Transcriptome analysis reveals differential transcription in tomato (Solanum lycopersicum) following inoculation with Ralstonia solanacearum.

机构信息

College of Life Science and Resources and Environment, Yichun University, Yichun, 336000, China.

出版信息

Sci Rep. 2022 Dec 22;12(1):22137. doi: 10.1038/s41598-022-26693-y.

DOI:10.1038/s41598-022-26693-y
PMID:36550145
原文链接:https://pmc.ncbi.nlm.nih.gov/articles/PMC9780229/
Abstract

Tomato (Solanum lycopersicum L.) is a major Solanaceae crop worldwide and is vulnerable to bacterial wilt (BW) caused by Ralstonia solanacearum during the production process. BW has become a growing concern that could enormously deplete the tomato yield from 50 to 100% and decrease the quality. Research on the molecular mechanism of tomato regulating BW resistance is still limited. In this study, two tomato inbred lines (Hm 2-2, resistant to BW; and BY 1-2, susceptible to BW) were used to explore the molecular mechanism of tomato in response to R. solanacearum infection by RNA-sequencing (RNA-seq) technology. We identified 1923 differentially expressed genes (DEGs) between Hm 2-2 and BY 1-2 after R. solanacearum inoculation. Among these DEGs, 828 were up-regulated while 1095 were down-regulated in R-3dpi (Hm 2-2 at 3 days post-inoculation with R. solanacearum) vs.
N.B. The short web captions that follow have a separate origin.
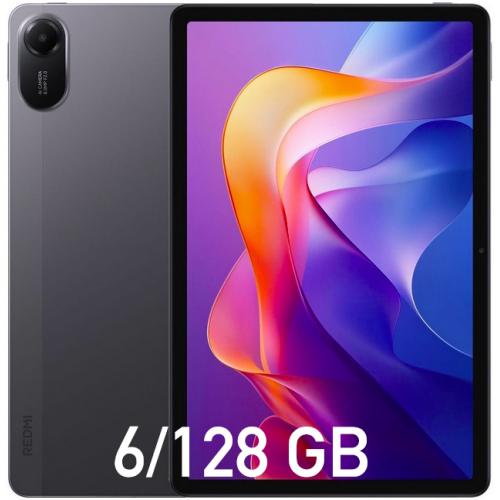 Xiaomi Redmi Pad 2 6/128GB Wi-Fi Graphite Gray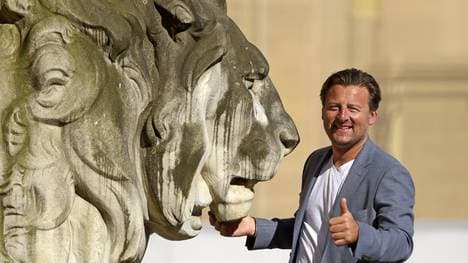 Kosta Runjaic als neuer Trainer von 1860 München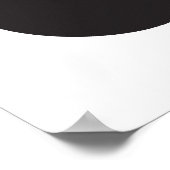 力士のアイコン ポスター (角)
R-mock (mock-inoculated Hm 2-2); 1087 and 2187 were up- and down-regulated, respectively, in S-3dpi (BY 1-2 at 3 days post-inoculation with R. solanacearum) vs. S-mock (mock-inoculated BY 1-2). Moreover, Gene Ontology (GO) enrichment analysis revealed that the largest amount of DEGs were annotated with the Biological Process terms, followed by Cellular Component and Molecular Function terms. A total of 114, 124, 85, and 89 regulated (or altered) pathways were identified in R-3dpi vs. R-mock, S-3dpi vs. S-mock, R-mock vs. S-mock, and R-3dpi vs. S-3dpi comparisons, respectively, by Kyoto Encyclopaedia of Genes and Genomes (KEGG) pathway analysis. These clarified the molecular function and resistance pathways of DEGs. Furthermore, quantitative RT-PCR (qRT-PCR) analysis confirmed the expression patterns of eight randomly selected DEGs, which suggested that the RNA-seq results were reliable. Subsequently, in order to further verify the reliability of the transcriptome data and the accuracy of qRT-PCR results, WRKY75, one of the eight DEGs was silenced by virus-induced gene silencing (VIGS) and the defense response of plants to R. solanacearum infection was analyzed. In conclusion, the findings of this study provide profound insight into the potential mechanism of tomato in response to R. solanacearum infection, which lays an important foundation for future studies on BW.

摘要

番茄(Solanum lycopersicum L.)是世界范围内重要的茄科作物,在生产过程中易受青枯雷尔氏菌引起的细菌性萎蔫病(BW)的影响。BW 已成为一个日益严重的问题,可能导致番茄产量减少 50%至 100%,并降低其质量。目前,对番茄调节 BW 抗性的分子机制的研究仍很有限。本研究利用 RNA 测序(RNA-seq)技术,以番茄自交系 Hm 2-2(抗 BW)和 BY 1-2(感 BW)为材料,探讨番茄对青枯雷尔氏菌侵染的分子机制。我们在 Hm 2-2 接种青枯雷尔氏菌 3 天后(R-3dpi)与对照(mock 接种的 Hm 2-2)相比,鉴定出 1923 个差异表达基因(DEGs)。在这些 DEGs 中,828 个上调,1095 个下调;在 BY 1-2 接种青枯雷尔氏菌 3 天后(S-3dpi)与对照(mock 接种的 BY 1-2)相比,1087 个上调,2187 个下调。GO 富集分析表明,最大数量的 DEGs 被注释为生物学过程,其次是细胞成分和分子功能。在 R-3dpi 与 R-mock、S-3dpi 与 S-mock、R-mock 与 S-mock 和 R-3dpi 与 S-3dpi 比较中,分别鉴定出 114、124、85 和 89 个调控(或改变)途径。KEGG 通路分析表明,这些途径阐明了 DEGs 的分子功能和抗性途径。此外,通过定量 RT-PCR(qRT-PCR)分析对 8 个随机选择的 DEGs 的表达模式进行了验证,结果表明 RNA-seq 结果可靠。随后,为了进一步验证转录组数据的可靠性和 qRT-PCR 结果的准确性,我们通过病毒诱导的基因沉默(VIGS)沉默了 8 个 DEGs 中的一个 WRKY75,并分析了植物对青枯雷尔氏菌感染的防御反应。综上所述,本研究为番茄对青枯雷尔氏菌侵染的潜在机制提供了深入的见解,为未来 BW 的研究奠定了重要基础。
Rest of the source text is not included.